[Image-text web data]
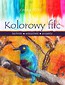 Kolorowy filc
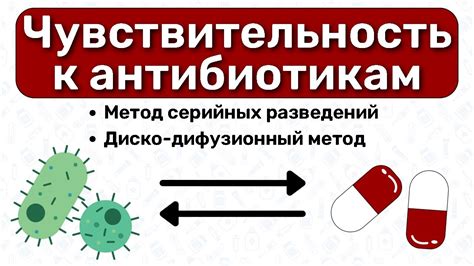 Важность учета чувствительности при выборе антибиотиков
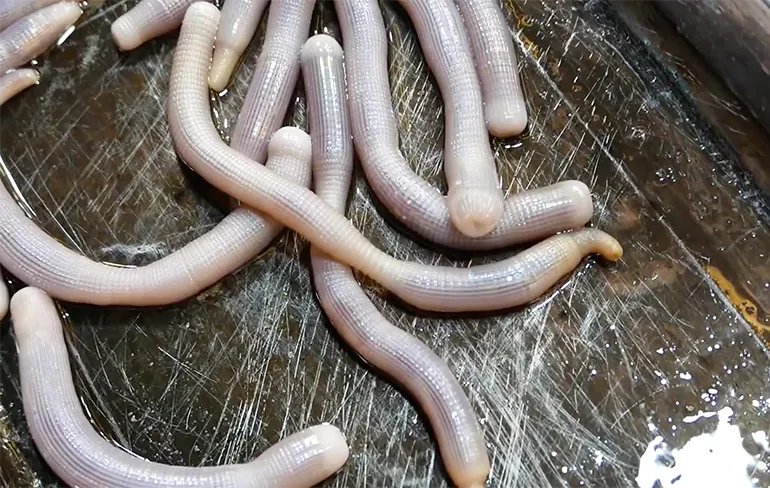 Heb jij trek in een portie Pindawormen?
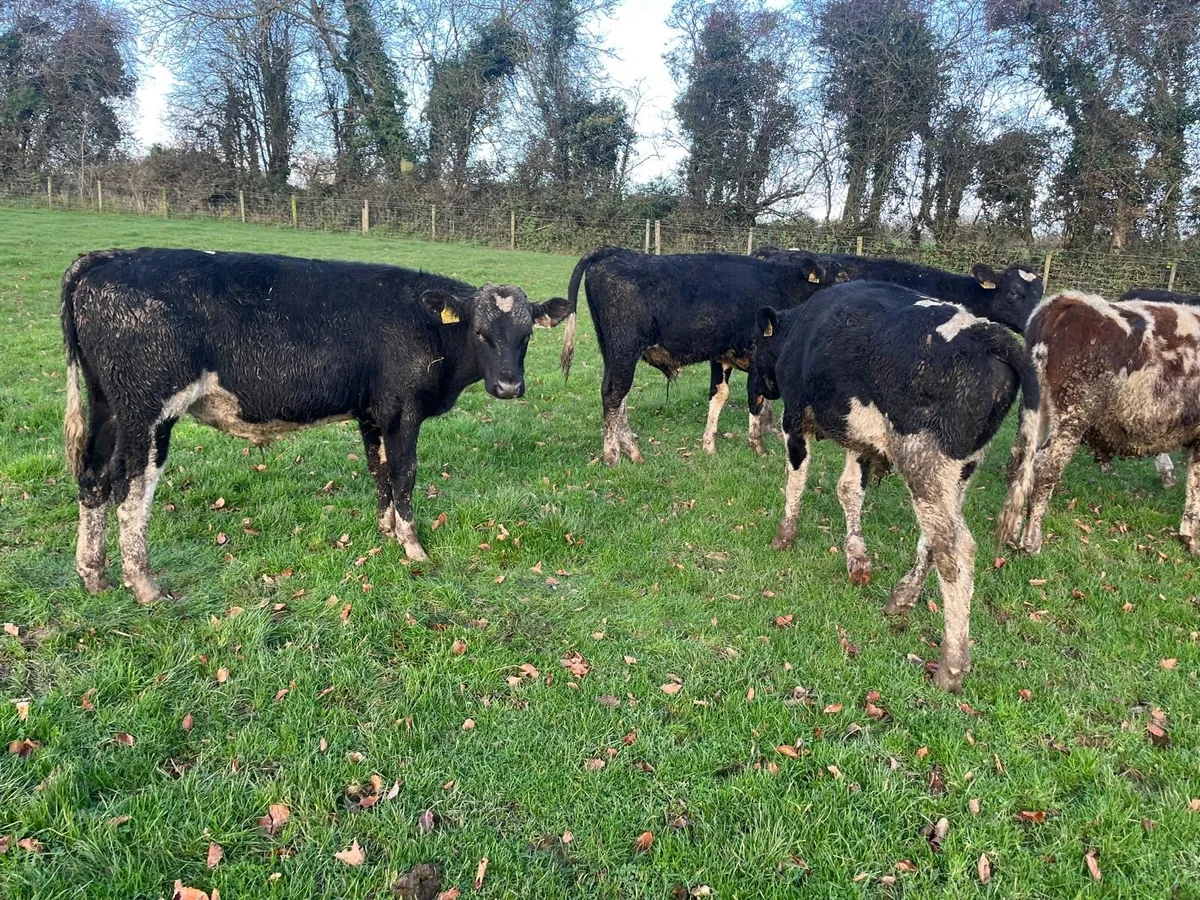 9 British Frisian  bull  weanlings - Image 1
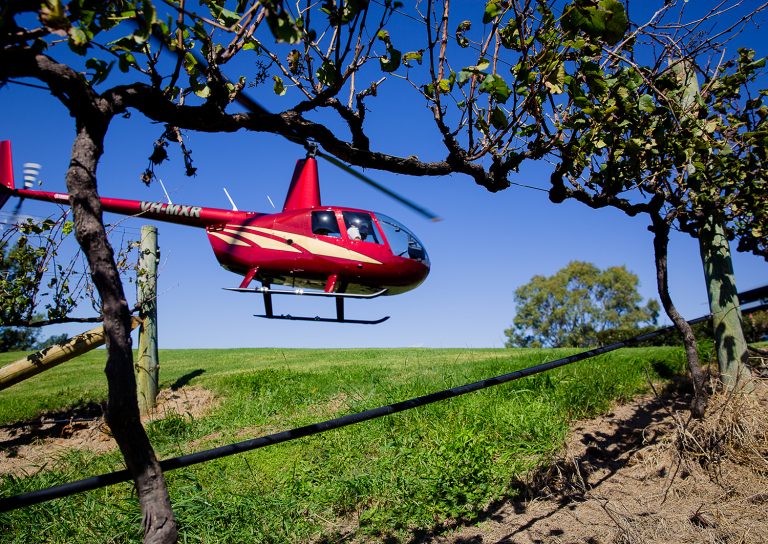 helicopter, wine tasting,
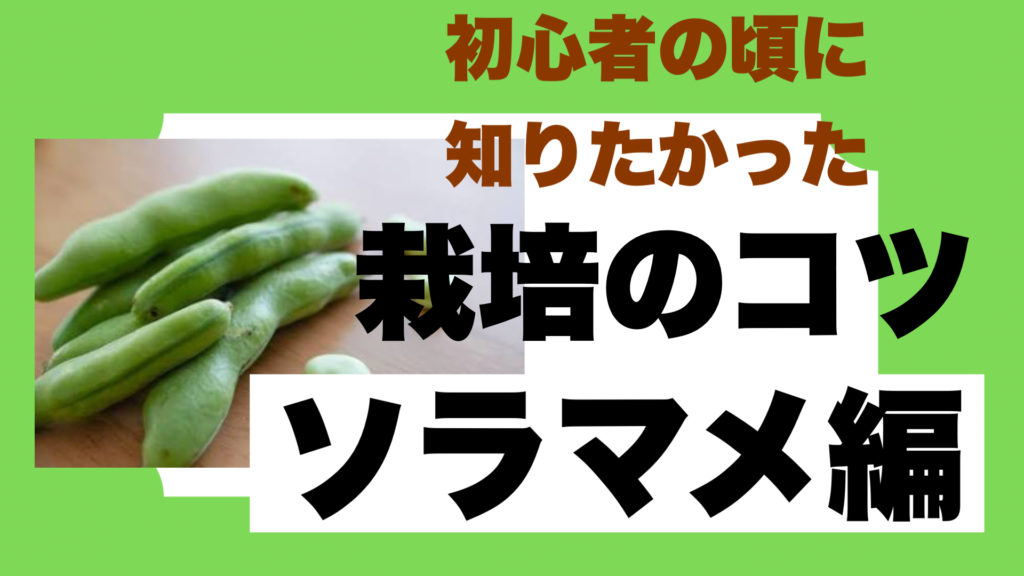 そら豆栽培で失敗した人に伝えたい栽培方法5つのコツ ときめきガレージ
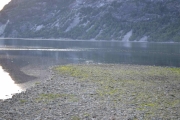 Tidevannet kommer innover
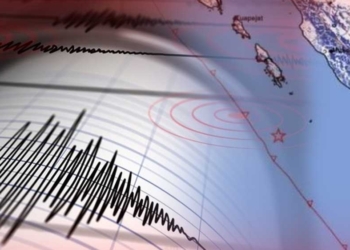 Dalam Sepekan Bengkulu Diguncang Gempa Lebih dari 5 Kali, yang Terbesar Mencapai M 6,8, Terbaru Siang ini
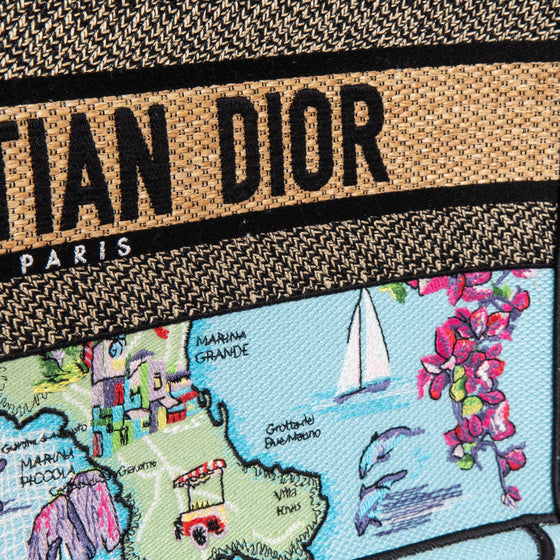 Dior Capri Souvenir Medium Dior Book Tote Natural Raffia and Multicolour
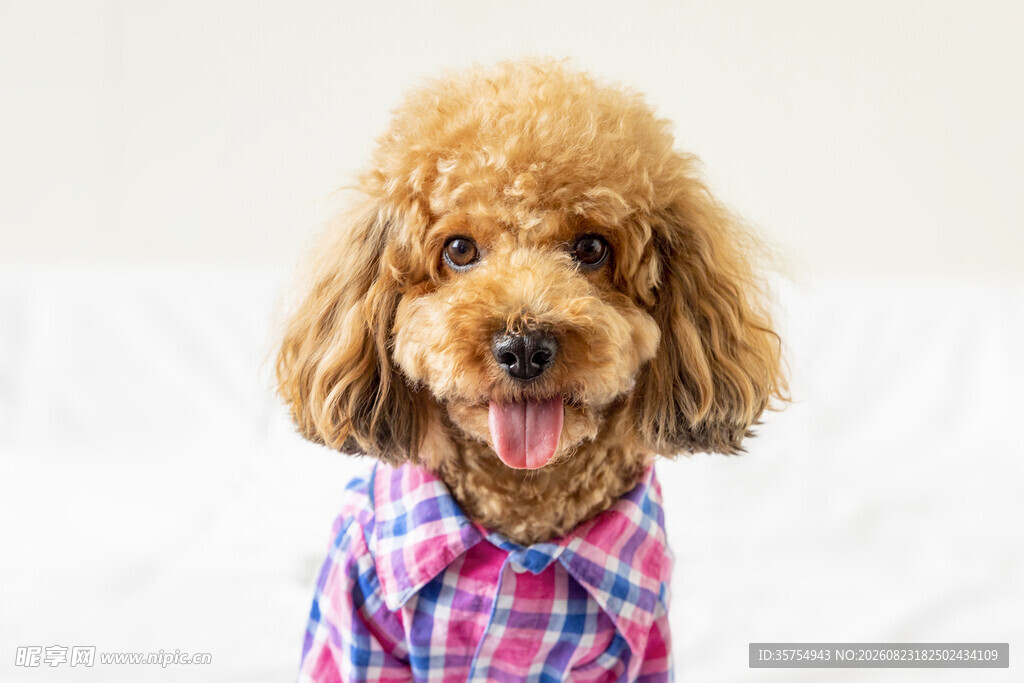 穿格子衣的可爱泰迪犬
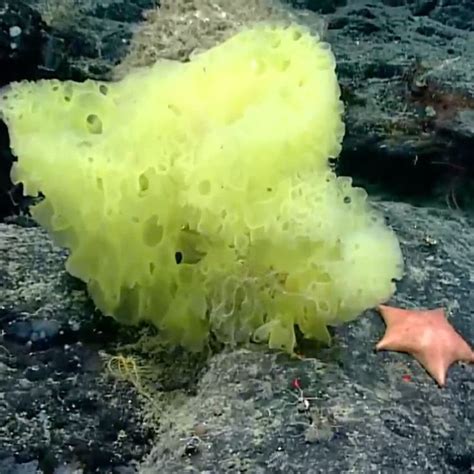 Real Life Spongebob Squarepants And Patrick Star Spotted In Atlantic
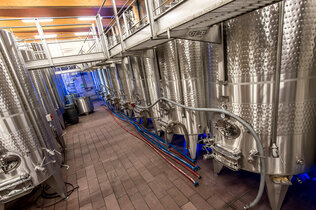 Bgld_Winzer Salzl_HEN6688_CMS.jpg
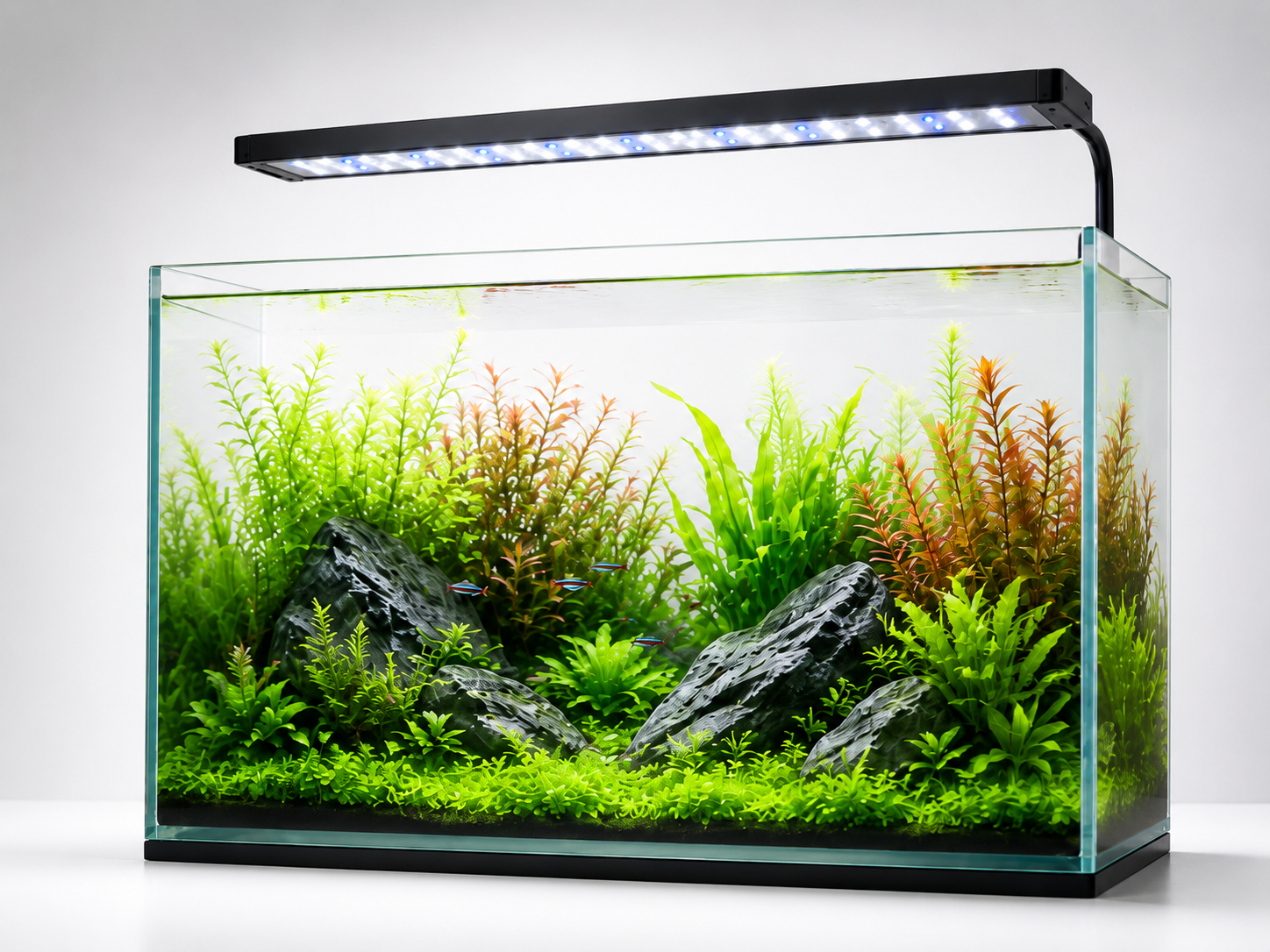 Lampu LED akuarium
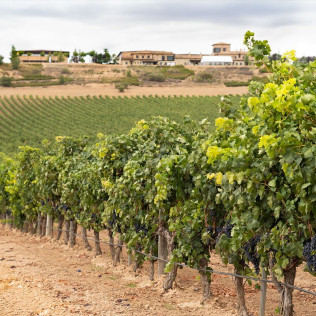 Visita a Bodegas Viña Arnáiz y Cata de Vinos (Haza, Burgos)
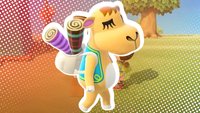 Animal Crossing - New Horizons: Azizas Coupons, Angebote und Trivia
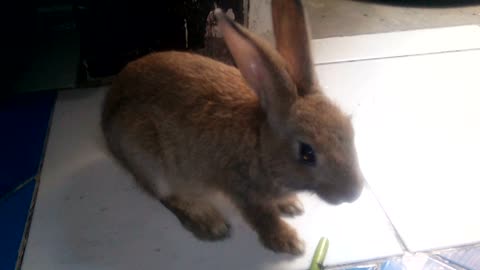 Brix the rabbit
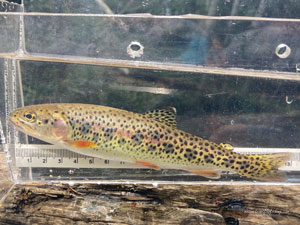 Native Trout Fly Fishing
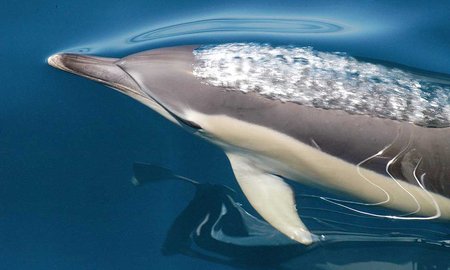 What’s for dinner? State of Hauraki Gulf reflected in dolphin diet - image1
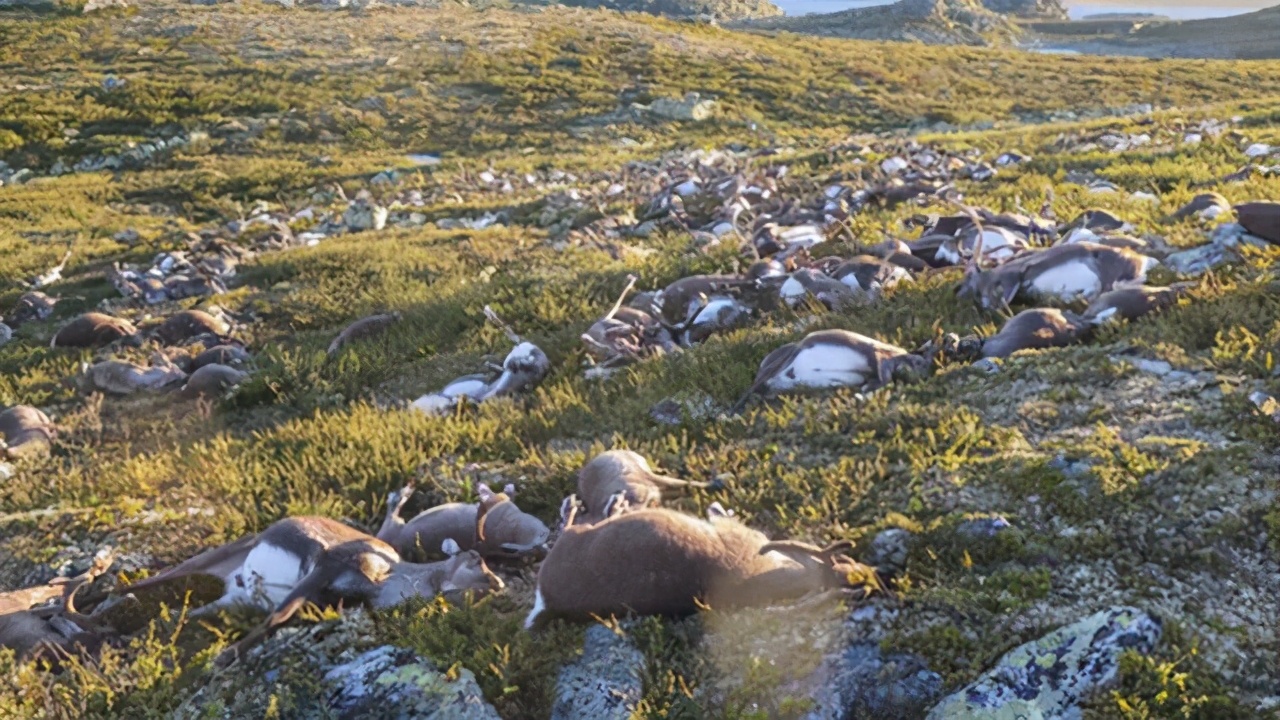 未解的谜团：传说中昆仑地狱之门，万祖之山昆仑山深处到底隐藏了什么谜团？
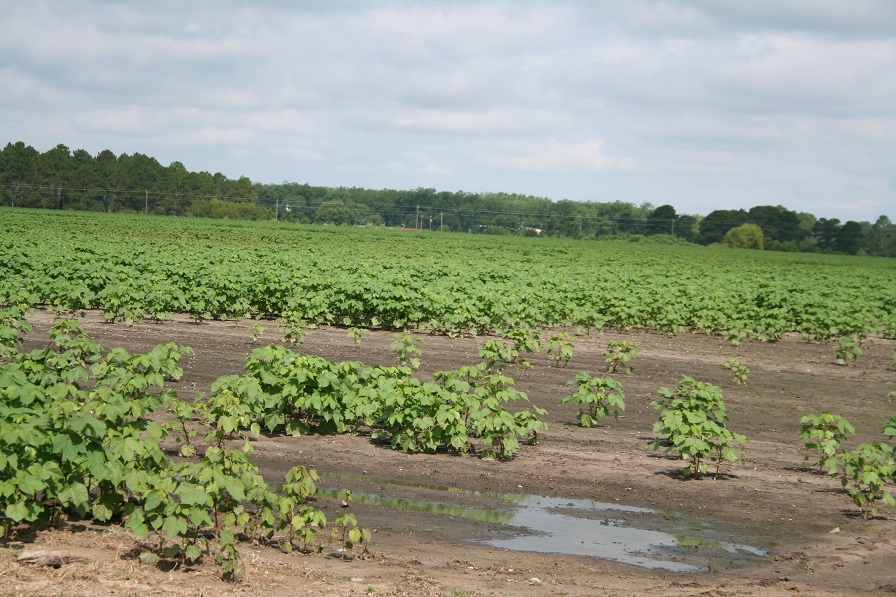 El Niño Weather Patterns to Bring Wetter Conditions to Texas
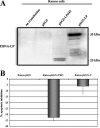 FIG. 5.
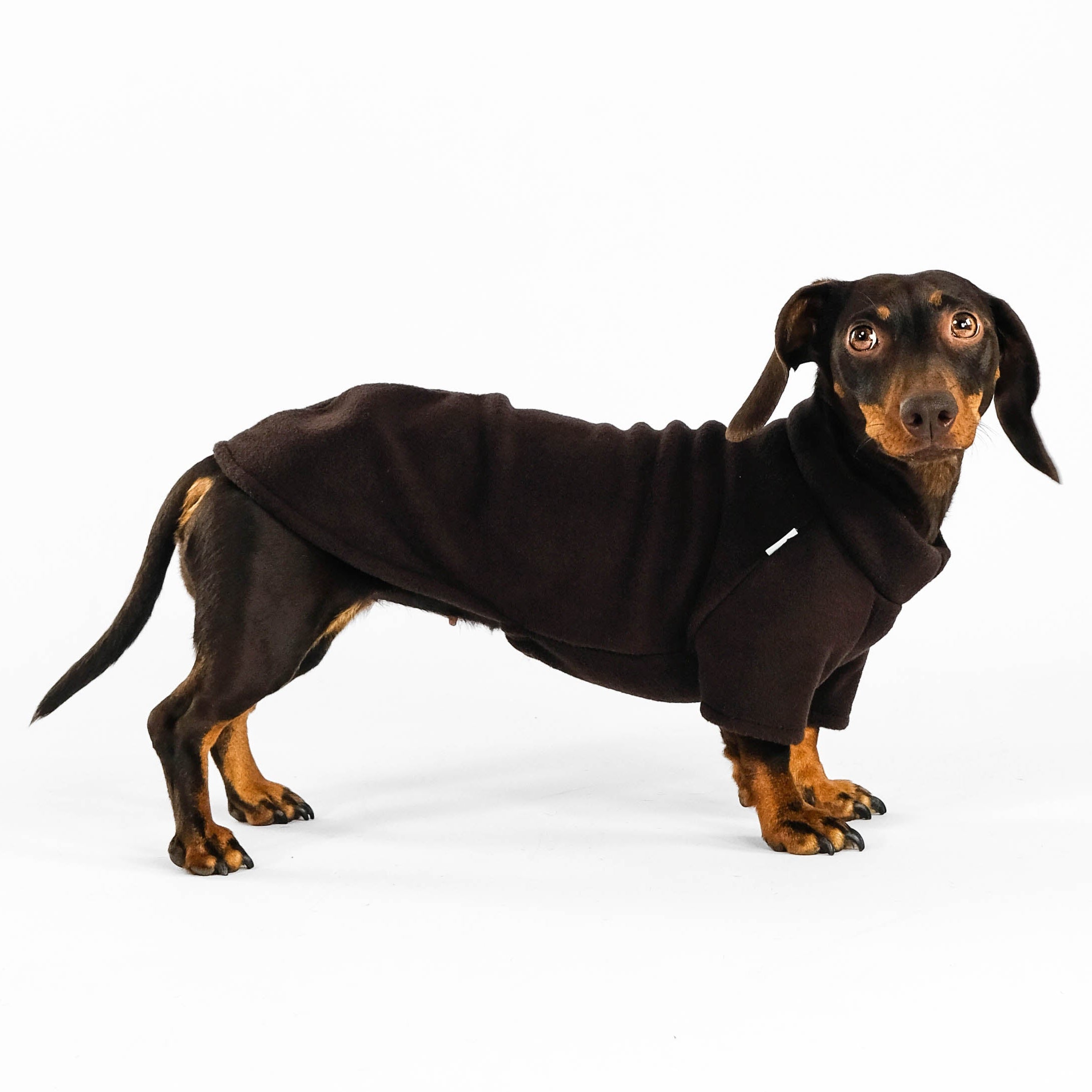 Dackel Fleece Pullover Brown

_Instructions to follow:_
In the entries above, find the line containing "Brix the rabbit", then please retype it and every line after it through the last, exactly as written, omitting pictures.

_Answer to this problem:_
 Brix the rabbit
 Native Trout Fly Fishing
 What’s for dinner? State of Hauraki Gulf reflected in dolphin diet - image1
 未解的谜团：传说中昆仑地狱之门，万祖之山昆仑山深处到底隐藏了什么谜团？
 El Niño Weather Patterns to Bring Wetter Conditions to Texas
 FIG. 5.
 Dackel Fleece Pullover Brown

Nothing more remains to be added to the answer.